I will echo Tim's concerns about the non-final-ity of the URI classes.
This seems like a recipe for disaster.
I can maybe see the usefulness of extending Rfc3986\Uri by a subclass
Ldap\Uri,
but being able to extend the WhatWg URI makes absolutely no sense.
The point of these classes is that if you have an instance of one of
these, you know that you have a valid URI.
Being able to subclass a URI and mess with theequals
,toString
,
toNormalizedString
methods throws away all the safety guarantees provided
by possessing a Uri instance.
I'm sure that people will find their use-cases to subclass all these new
classes, including the WHATWG implementation. As Nicolas mentioned,
his main use-case is minly adding convenience and new factory methods that
don't specifically need all methods to be reimplemented.
While I share your opinion that leaving the URI classes open for extension
is somewhat risky and it's difficult to assess its impacts right now, I can
also
sympathise with what Nicolas wrote in a later message (
https://externals.io/message/123997#126489): that we shouldn't close the
door for the public from
using interchangeable implementations.
I know that going final without any interfaces is the most "convenient" for
the PHP project itself, because the solution has much less BC surface to
maintain,
so we are relatively free and safe to make future changes. This is useful
for an API in its early days that is huge like this. Besides the interests
of the maintainers,
we should also take two important things into account:
- Heterogeneous use-cases: it's out of question that the current API won't
fit all use-cases, especially because we have already identified some
followup tasks
that should be implemented (see "Future Scope" section in the RFC). - Interoperability: Since URI handling is a very widespread problem, many
people and libraries will start to use the new extension once
it's available. But because
of the above reason, many of them want to use their own abstraction, and
that's exactly why a common ground is needed: there's simply not a single
right possible
implementation - everyone has their own, given the complexity of the topic.
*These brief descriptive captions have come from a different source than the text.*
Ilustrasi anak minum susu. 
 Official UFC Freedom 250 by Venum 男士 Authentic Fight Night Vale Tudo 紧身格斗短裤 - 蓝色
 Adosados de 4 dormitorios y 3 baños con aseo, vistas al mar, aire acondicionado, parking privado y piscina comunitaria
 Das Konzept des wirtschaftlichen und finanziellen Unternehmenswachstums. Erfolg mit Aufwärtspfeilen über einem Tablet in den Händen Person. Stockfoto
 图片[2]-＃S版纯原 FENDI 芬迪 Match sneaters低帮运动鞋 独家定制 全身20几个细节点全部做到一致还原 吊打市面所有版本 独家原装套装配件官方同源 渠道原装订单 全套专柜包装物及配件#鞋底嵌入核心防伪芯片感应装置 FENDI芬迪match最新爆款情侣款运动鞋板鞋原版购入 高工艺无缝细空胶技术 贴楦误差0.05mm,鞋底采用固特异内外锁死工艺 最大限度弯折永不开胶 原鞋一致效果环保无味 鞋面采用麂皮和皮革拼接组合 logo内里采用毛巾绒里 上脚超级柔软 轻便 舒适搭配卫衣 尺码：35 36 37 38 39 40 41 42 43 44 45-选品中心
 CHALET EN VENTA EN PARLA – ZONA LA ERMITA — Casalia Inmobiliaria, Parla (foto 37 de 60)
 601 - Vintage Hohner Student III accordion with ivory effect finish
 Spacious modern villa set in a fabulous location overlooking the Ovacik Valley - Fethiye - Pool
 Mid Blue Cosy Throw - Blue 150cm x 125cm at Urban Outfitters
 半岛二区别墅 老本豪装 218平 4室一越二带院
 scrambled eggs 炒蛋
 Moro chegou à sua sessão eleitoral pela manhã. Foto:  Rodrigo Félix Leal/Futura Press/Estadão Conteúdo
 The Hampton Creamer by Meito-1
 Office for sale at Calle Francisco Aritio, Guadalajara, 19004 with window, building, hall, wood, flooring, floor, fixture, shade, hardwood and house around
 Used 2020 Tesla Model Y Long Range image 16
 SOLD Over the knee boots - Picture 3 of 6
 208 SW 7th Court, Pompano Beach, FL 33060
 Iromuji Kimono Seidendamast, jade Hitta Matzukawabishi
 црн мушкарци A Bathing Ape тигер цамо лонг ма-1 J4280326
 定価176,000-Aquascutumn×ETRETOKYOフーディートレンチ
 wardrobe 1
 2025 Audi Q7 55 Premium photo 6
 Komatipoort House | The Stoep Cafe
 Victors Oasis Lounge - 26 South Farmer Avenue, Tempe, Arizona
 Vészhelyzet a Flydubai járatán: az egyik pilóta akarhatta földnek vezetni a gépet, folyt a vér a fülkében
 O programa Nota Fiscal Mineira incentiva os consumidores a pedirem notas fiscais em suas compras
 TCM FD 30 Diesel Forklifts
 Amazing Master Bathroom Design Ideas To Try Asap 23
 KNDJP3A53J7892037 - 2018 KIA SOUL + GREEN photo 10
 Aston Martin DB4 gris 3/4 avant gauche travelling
So we should try to be considerate about these factors by some way or
another. So far, we have four options:
- Making the classes open for extension: this solution has acknowledged
technical challenges (
https://github.com/php/php-src/pull/14461#discussion_r1847316607),
and it limits our possibilities of adding changes the most, but users can
effectively add any behavior that they need. Of course, they are free to
introduce bugs and
spec-incompatible behavior into their own implementation, but none of the
other solutions could prevent such bugs either, since people will write
their custom code
wherever they can: if they can't have it in a child class, then they will
have in MyUri, or in UriHelper, or just in a 200 lines long function.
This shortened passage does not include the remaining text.